Bajé la vista y luego lo miré. Sonreía. Tenía en el rostro el semblante que da el brillo de una victoria. El jaque mate perfecto que genera un momento de sorpresa y confusión, el inexorable y cruel instante en que comprendemos que no existe posibilidad de volver dos pasos atrás la jugada, mover otras piezas para responder al ataque. Pasar el trago y decir sin dudar: tendría que estar en esa encrucijada aunque sea imposible que se presente tal cual se describe aquí y ahora o preguntarle, aunque suene irrespetuoso, si él tuvo que elegir entre esas dos opciones en alguna ocasión.

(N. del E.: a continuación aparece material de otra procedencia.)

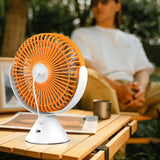 Portable USB Camping Fan - 6-Inch Desk & Hanging Use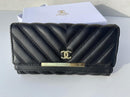 Chanel new trendy black leather model women’s wallet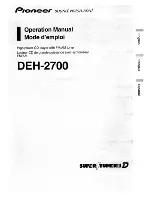 Pioneer DEH-2700 Operating Manual preview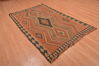 Kilim Brown Flat Woven 48 X 79 Area Rug 100-109179 Thumb 3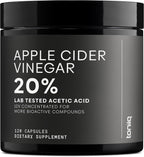 Toniiq Apple Cider Vinegar Capsules - Ultra High Potency 2,010mg Formula with 20% Acetic Acid & Cayenne Pepper - Made with the Mother - Third-Party Lab Tested - 120 Capsules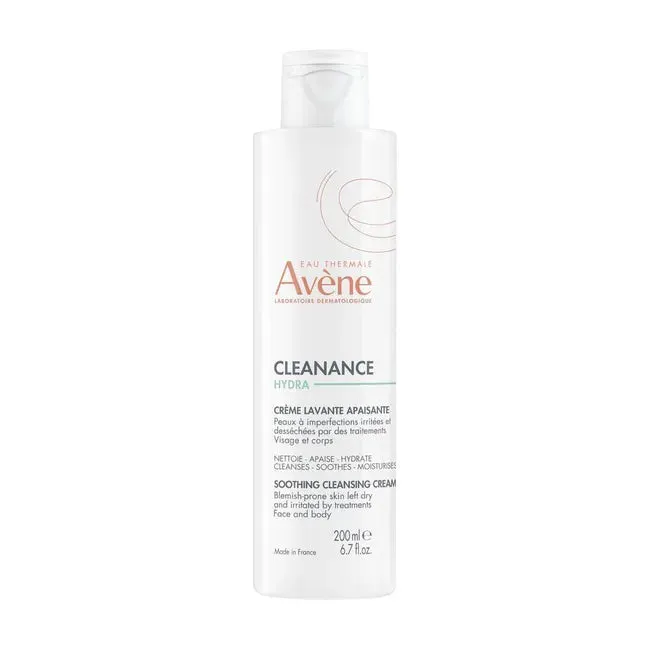 Avène Cleanance Hydra Crème nettoyante apaisante 200 ml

Mi silencio se tomó como una afirmación. Se ocupó de corroborar la certeza del golpe observando las caras de todos los que lo rodeábamos, marcando el compás de espera hasta que apareciera el veredicto del jurado. Todos permanecieron en silencio como yo. Quizás solidarizándose con mi falta de respuesta y asimilando la derrota como propia, tal vez avergonzándose de entender que no eran tan machos como creían, con el íntimo pudor de haber imaginado a un hombre desnudo en cuatro, o la incómoda sorpresa de descubrir que junto a ellos, muy cerca, casi rozándolos se encontraba sentado un puto.